Covariate, label, and construct drift; adaptive test design, recalibration, and longitudinal monitoring of deployed systems.

Competition Track

We also invite write-ups from participants of the Predictive AI Evaluation Challenge. Papers should describe each team's approach to predicting model responses from sparse observations, with methods, results, and lessons learned. Submissions follow the same 4–8 page COLM format as the research track and are reviewed on a later timeline so that final competition results can be included. The Best Competition Paper award will be presented alongside the workshop's research awards.

Competition track deadline: August 15, 2026

View the competition

02Submit

Submission guidelines.

Short, focused contributions in COLM format.
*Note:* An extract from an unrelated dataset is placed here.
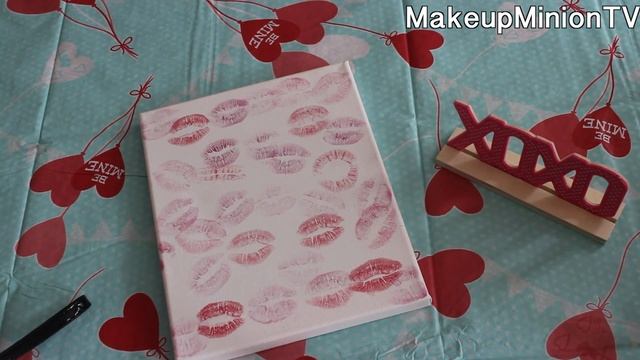 ♥♡LIP PRINT CANVAS!!♥♡♥♡ смотреть онлайн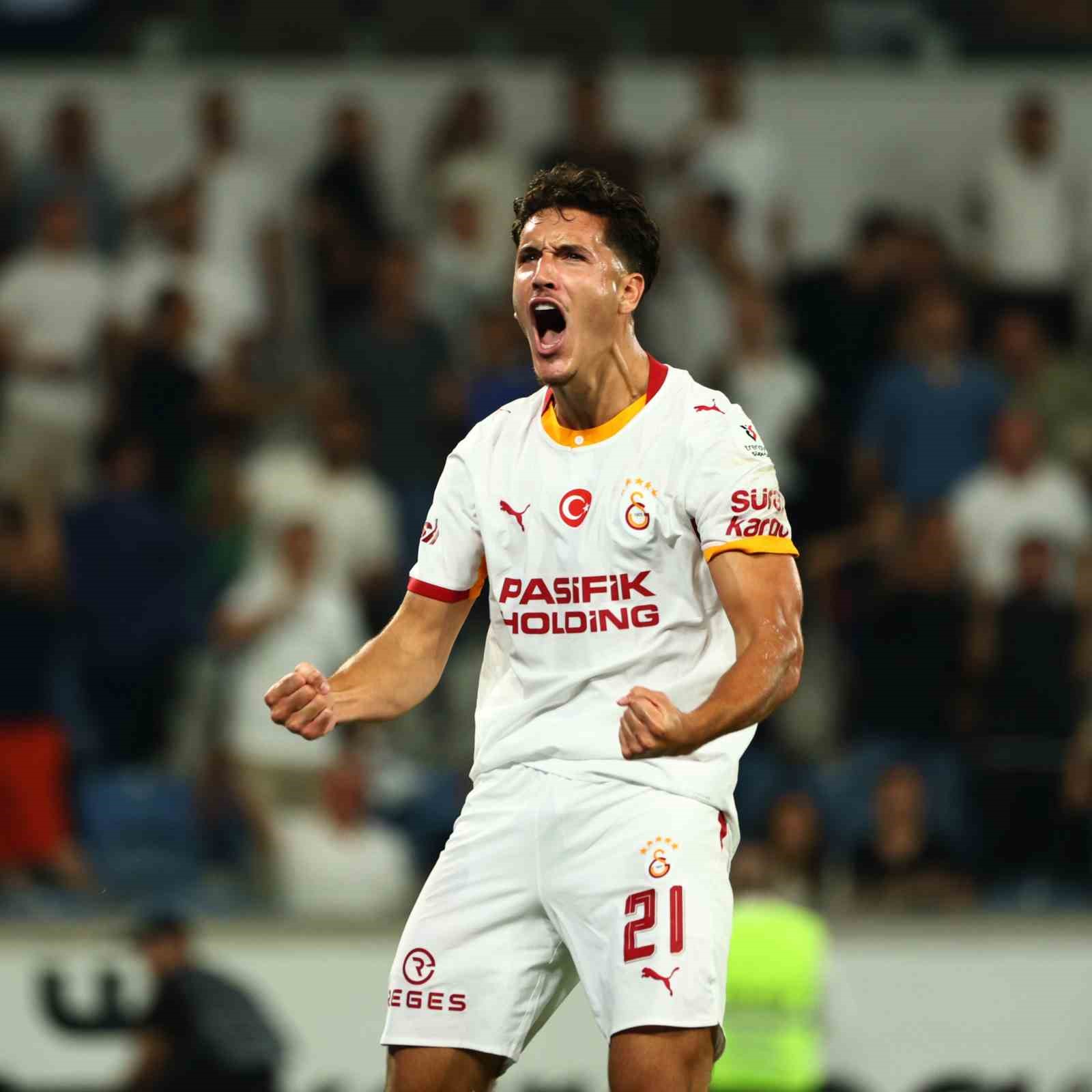 Galatasaray’da Rafael Leao ve Deniz Gül, ilk kez forma giydi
Review is double-blind.

Papers of 4–8 pages in COLM format, with unlimited references.
Submitted via OpenReview; double-blind review, with at least three reviews per paper.
Accepted papers are non-archival.
Four contributed talks selected from accepted submissions.

Important dates.

All deadlines are in Anywhere on Earth (AoE) time.

Research track submission deadlineJune 23, 2026
Research track notificationJuly 24, 2026
Competition track submission deadlineAugust 15, 2026
Camera-ready dueSeptember 21, 2026
WorkshopOctober 9, 2026 (COLM 2026 workshops day)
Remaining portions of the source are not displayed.